_Work order_. What you return should match every record exactly, with the images removed.

+++

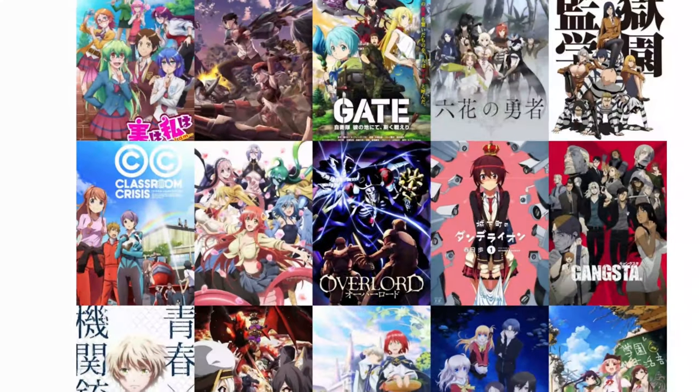Konnichiwa Doodlers. That's Japanese for Hello Doodlers. I learned that off the internet. The reason I'm speaking fluent Japanese is because today is part one of a two-part manga special.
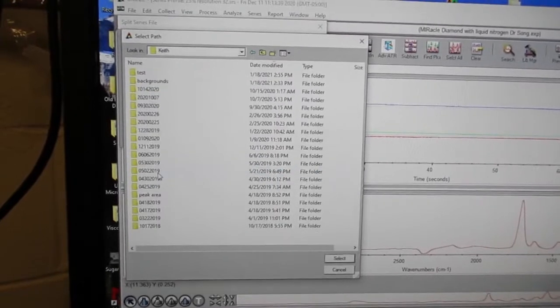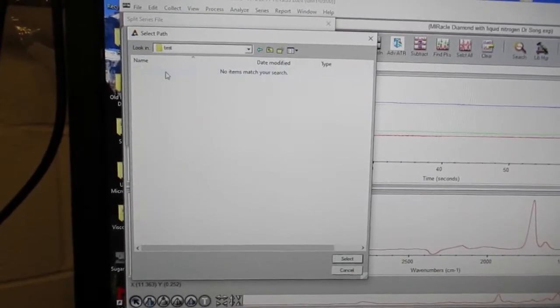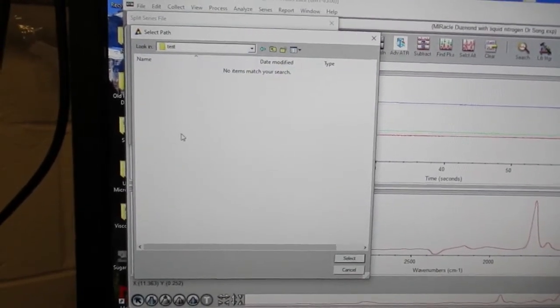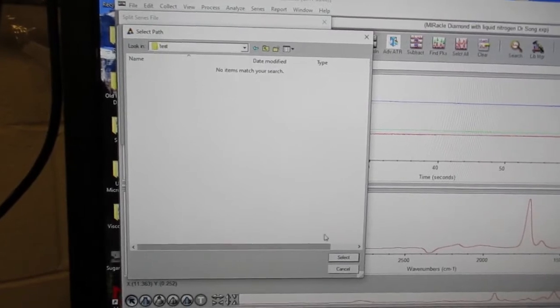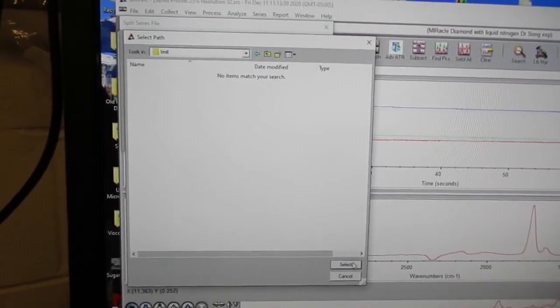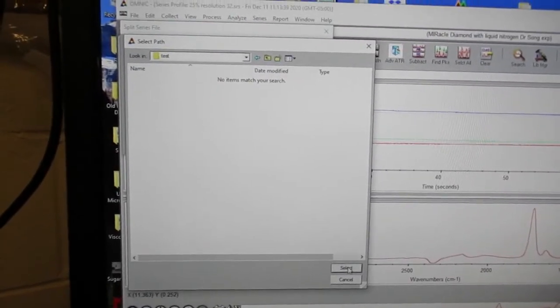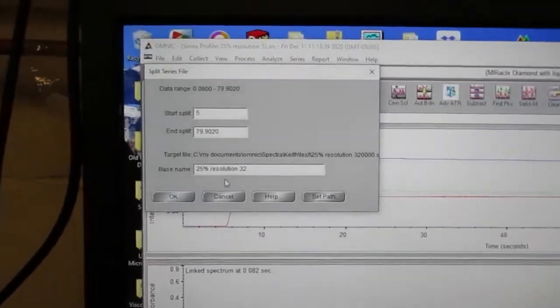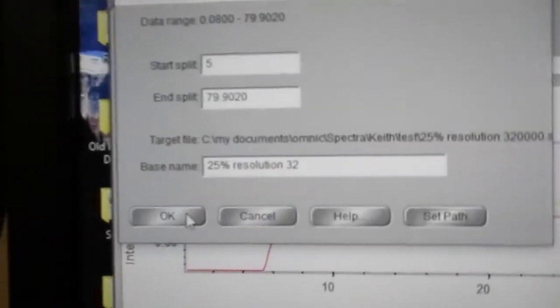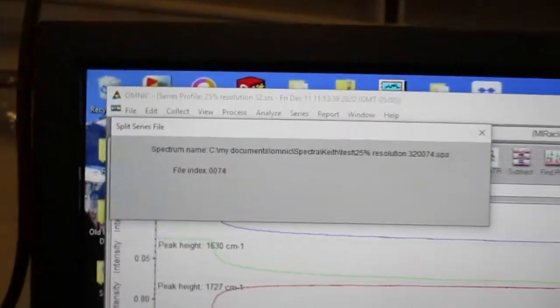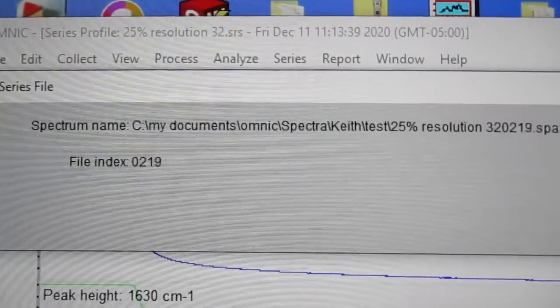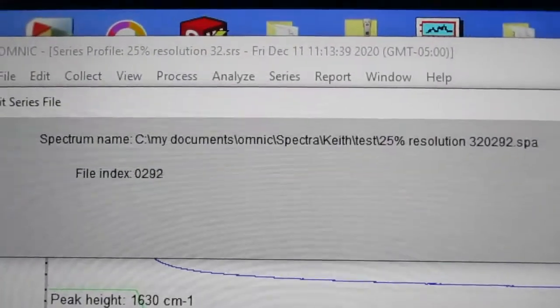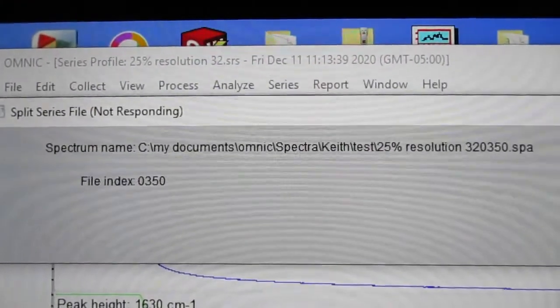You want to make sure you go to your folder and go into the folder that you used your sample with, then hit Select and then just hit OK. What it's now doing is literally listing every spectra that it took.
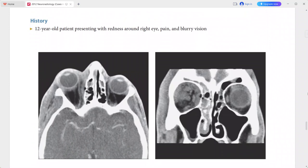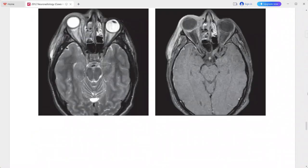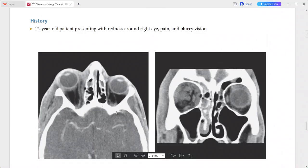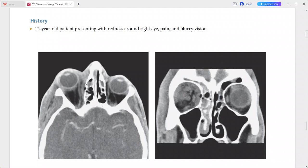Next is a 12-year-old patient presenting with redness around the right eye, pain, and blurred vision. On CT scan, there is a small rim-enhancing collection containing a small bubble of gas in the extraconal space, medial to the medial rectus muscle and adjacent to the lamina papyracea.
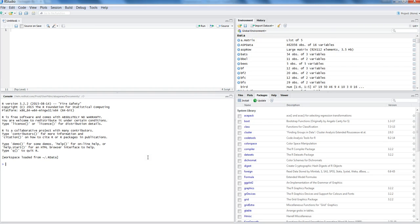Hi there, this is Abhishek and in this video I will talk about R packages. Within the RStudio window, if you look at the right hand side, on the second section you will see a tab called packages. Within this you have a lot of different packages available to you. Packages are basically a collection of code which is put together to perform a specific task.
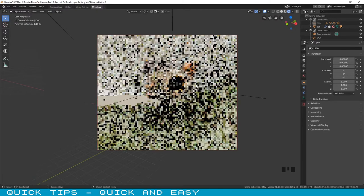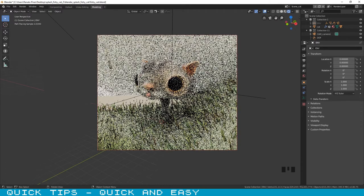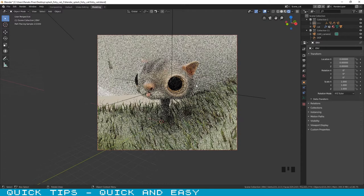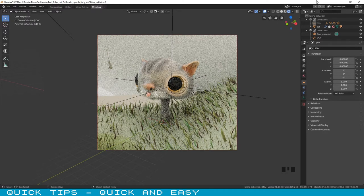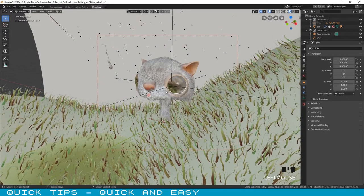If you click on render preview, you can see that only the part of the image that you have selected is rendering. This will happen both on the viewport and render window. To remove the selected area, you can press Ctrl+Alt+B.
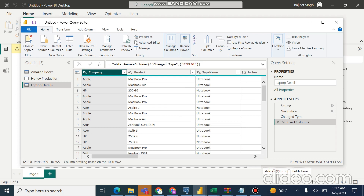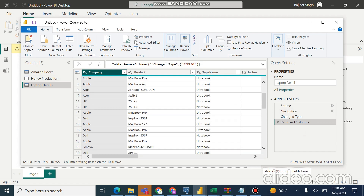You can cancel changes using the Cancel button, or apply them. With fewer columns, the data will occupy less memory. In import mode, data is cached in memory in the Power BI service once the report is moved there. By eliminating unnecessary columns, we ensure only required data is loaded into memory, making more memory available for other purposes.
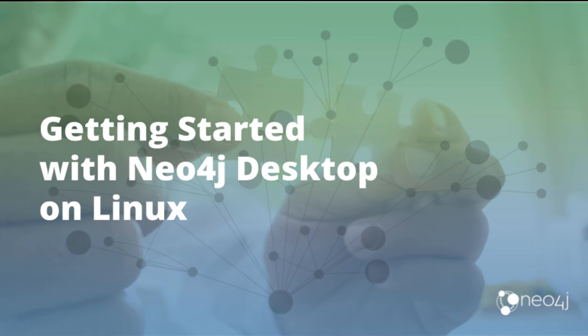In this video, I'm going to show you how easy it is to download, install, and start using the Neo4j desktop on Linux.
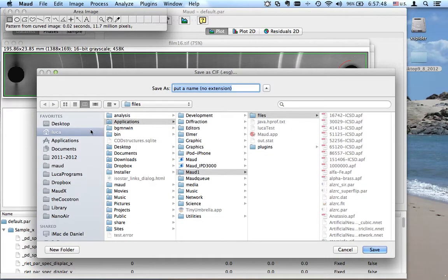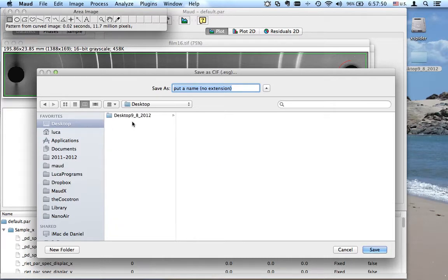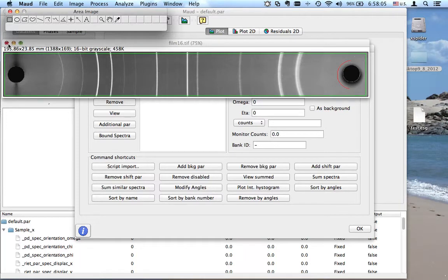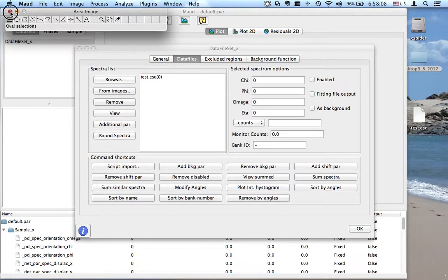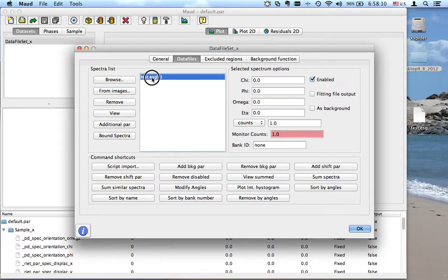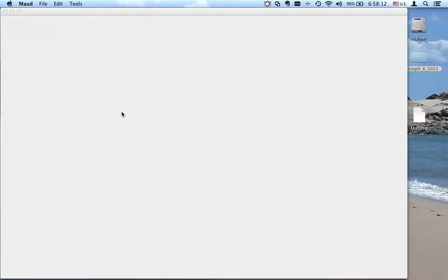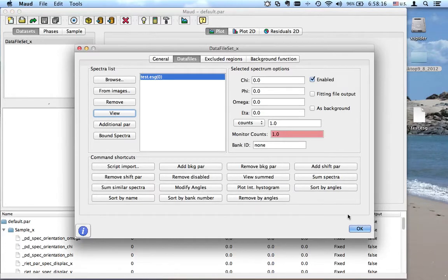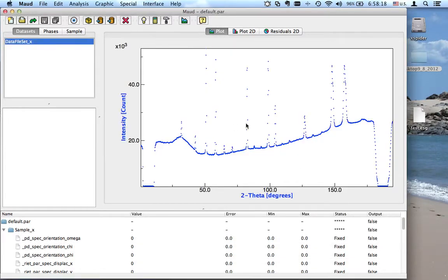I will save it to the desktop. Let's put the name: 'test.' You don't need to put an extension — it will be made by Mold. You see our file has appeared. Close, close, and the file was added here. I can check it — yes, this is it. We just close and we will get it here.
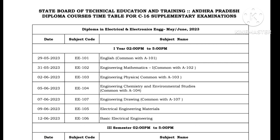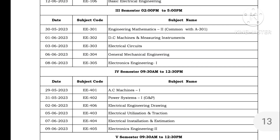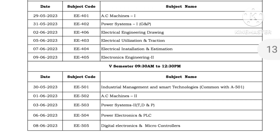We are going to start the C16 exam. Make sure to do your preparation and start your revision well in advance.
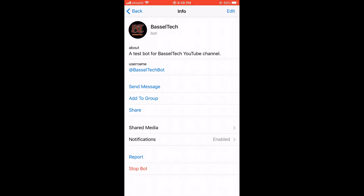So that's it guys for this customization tutorial, and see you in the next one.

+++

_Solved exercise_.
Konnichiwa Doodlers. That's Japanese for Hello Doodlers. I learned that off the internet. The reason I'm speaking fluent Japanese is because today is part one of a two-part manga special.
You want to make sure you go to your folder and go into the folder that you used your sample with, then hit Select and then just hit OK. What it's now doing is literally listing every spectra that it took.
Next is a 12-year-old patient presenting with redness around the right eye, pain, and blurred vision. On CT scan, there is a small rim-enhancing collection containing a small bubble of gas in the extraconal space, medial to the medial rectus muscle and adjacent to the lamina papyracea.
Hi there, this is Abhishek and in this video I will talk about R packages. Within the RStudio window, if you look at the right hand side, on the second section you will see a tab called packages. Within this you have a lot of different packages available to you. Packages are basically a collection of code which is put together to perform a specific task.
If you click on render preview, you can see that only the part of the image that you have selected is rendering. This will happen both on the viewport and render window. To remove the selected area, you can press Ctrl+Alt+B.
You can cancel changes using the Cancel button, or apply them. With fewer columns, the data will occupy less memory. In import mode, data is cached in memory in the Power BI service once the report is moved there. By eliminating unnecessary columns, we ensure only required data is loaded into memory, making more memory available for other purposes.
In this video, I'm going to show you how easy it is to download, install, and start using the Neo4j desktop on Linux.
I will save it to the desktop. Let's put the name: 'test.' You don't need to put an extension — it will be made by Mold. You see our file has appeared. Close, close, and the file was added here. I can check it — yes, this is it. We just close and we will get it here.
We are going to start the C16 exam. Make sure to do your preparation and start your revision well in advance.
So that's it guys for this customization tutorial, and see you in the next one.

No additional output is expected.